(Stored dataset items)
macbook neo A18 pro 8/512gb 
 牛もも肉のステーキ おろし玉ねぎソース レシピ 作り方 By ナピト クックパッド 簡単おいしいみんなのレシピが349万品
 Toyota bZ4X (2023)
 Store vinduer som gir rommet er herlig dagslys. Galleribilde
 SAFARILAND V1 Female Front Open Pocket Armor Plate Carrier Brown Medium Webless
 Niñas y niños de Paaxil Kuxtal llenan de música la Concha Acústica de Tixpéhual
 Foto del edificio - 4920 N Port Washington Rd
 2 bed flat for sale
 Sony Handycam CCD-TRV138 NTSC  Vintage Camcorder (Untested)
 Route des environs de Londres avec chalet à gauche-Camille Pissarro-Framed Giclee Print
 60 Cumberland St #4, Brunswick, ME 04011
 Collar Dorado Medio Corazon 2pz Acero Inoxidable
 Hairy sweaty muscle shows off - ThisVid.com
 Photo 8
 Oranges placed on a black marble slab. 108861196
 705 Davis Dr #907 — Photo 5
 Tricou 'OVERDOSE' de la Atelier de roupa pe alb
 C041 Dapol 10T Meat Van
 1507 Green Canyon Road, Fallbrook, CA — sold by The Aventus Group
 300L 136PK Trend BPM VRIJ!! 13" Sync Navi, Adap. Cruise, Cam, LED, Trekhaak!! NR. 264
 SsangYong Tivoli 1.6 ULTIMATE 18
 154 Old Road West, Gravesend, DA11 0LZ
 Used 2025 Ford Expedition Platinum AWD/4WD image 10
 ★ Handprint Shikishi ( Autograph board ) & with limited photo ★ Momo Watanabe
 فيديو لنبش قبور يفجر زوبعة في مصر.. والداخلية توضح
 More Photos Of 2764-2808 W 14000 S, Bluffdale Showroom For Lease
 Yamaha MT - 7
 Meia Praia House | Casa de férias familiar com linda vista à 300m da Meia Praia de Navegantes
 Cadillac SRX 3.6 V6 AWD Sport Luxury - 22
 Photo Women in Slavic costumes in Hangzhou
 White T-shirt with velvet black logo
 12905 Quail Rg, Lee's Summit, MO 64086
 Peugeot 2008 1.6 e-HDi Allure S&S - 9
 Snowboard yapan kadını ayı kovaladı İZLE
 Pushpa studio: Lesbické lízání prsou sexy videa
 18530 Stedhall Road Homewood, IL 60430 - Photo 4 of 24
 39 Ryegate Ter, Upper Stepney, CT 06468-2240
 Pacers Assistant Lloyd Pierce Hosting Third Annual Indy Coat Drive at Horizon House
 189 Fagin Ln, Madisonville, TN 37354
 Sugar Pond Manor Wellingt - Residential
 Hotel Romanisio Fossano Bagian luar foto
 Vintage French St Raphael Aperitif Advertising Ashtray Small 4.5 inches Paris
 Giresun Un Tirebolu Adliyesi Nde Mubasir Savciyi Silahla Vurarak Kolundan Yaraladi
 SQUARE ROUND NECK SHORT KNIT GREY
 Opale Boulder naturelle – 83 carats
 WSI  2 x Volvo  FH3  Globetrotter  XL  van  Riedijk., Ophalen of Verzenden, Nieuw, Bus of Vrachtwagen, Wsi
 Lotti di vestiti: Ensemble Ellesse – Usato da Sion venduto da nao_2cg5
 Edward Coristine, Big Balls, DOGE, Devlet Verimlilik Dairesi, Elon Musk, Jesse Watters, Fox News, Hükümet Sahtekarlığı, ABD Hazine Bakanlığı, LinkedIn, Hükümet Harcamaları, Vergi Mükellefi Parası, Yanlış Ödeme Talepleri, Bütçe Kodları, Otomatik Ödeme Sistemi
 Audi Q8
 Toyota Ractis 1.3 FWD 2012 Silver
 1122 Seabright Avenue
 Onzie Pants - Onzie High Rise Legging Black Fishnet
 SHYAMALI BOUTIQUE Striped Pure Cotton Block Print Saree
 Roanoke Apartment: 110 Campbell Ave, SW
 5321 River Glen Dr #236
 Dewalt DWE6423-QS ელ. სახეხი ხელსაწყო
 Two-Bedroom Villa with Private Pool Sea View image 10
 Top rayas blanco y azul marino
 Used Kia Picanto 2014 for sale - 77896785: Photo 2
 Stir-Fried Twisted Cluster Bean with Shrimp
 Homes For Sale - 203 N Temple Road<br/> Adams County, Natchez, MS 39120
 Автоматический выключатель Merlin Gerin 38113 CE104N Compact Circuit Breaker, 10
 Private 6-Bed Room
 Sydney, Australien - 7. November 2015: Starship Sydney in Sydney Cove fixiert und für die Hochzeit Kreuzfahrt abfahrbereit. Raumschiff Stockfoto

• **About this exercise**: Word for word, restate the lines above from the line containing "Pacers Assistant Lloyd" through the line containing "Used Kia Picanto", with both included and nothing else.

• **Exercise output**:
 Pacers Assistant Lloyd Pierce Hosting Third Annual Indy Coat Drive at Horizon House
 189 Fagin Ln, Madisonville, TN 37354
 Sugar Pond Manor Wellingt - Residential
 Hotel Romanisio Fossano Bagian luar foto
 Vintage French St Raphael Aperitif Advertising Ashtray Small 4.5 inches Paris
 Giresun Un Tirebolu Adliyesi Nde Mubasir Savciyi Silahla Vurarak Kolundan Yaraladi
 SQUARE ROUND NECK SHORT KNIT GREY
 Opale Boulder naturelle – 83 carats
 WSI  2 x Volvo  FH3  Globetrotter  XL  van  Riedijk., Ophalen of Verzenden, Nieuw, Bus of Vrachtwagen, Wsi
 Lotti di vestiti: Ensemble Ellesse – Usato da Sion venduto da nao_2cg5
 Edward Coristine, Big Balls, DOGE, Devlet Verimlilik Dairesi, Elon Musk, Jesse Watters, Fox News, Hükümet Sahtekarlığı, ABD Hazine Bakanlığı, LinkedIn, Hükümet Harcamaları, Vergi Mükellefi Parası, Yanlış Ödeme Talepleri, Bütçe Kodları, Otomatik Ödeme Sistemi
 Audi Q8
 Toyota Ractis 1.3 FWD 2012 Silver
 1122 Seabright Avenue
 Onzie Pants - Onzie High Rise Legging Black Fishnet
 SHYAMALI BOUTIQUE Striped Pure Cotton Block Print Saree
 Roanoke Apartment: 110 Campbell Ave, SW
 5321 River Glen Dr #236
 Dewalt DWE6423-QS ელ. სახეხი ხელსაწყო
 Two-Bedroom Villa with Private Pool Sea View image 10
 Top rayas blanco y azul marino
 Used Kia Picanto 2014 for sale - 77896785: Photo 2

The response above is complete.